Data provided:
Start of Block
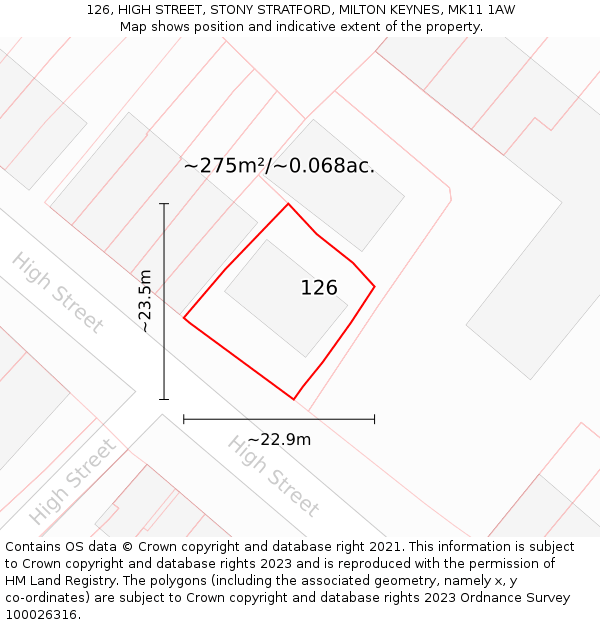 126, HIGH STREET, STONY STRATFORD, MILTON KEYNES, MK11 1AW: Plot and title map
End of Block
Start of Block
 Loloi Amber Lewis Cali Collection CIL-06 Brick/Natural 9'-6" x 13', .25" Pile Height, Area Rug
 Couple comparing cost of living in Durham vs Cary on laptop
End of Block
Your instructions: Using the records above, restate word for word the lines from the one with "Loloi Amber Lewis" through the one with "Couple comparing cost", both included.

Output:
 Loloi Amber Lewis Cali Collection CIL-06 Brick/Natural 9'-6" x 13', .25" Pile Height, Area Rug
 Couple comparing cost of living in Durham vs Cary on laptop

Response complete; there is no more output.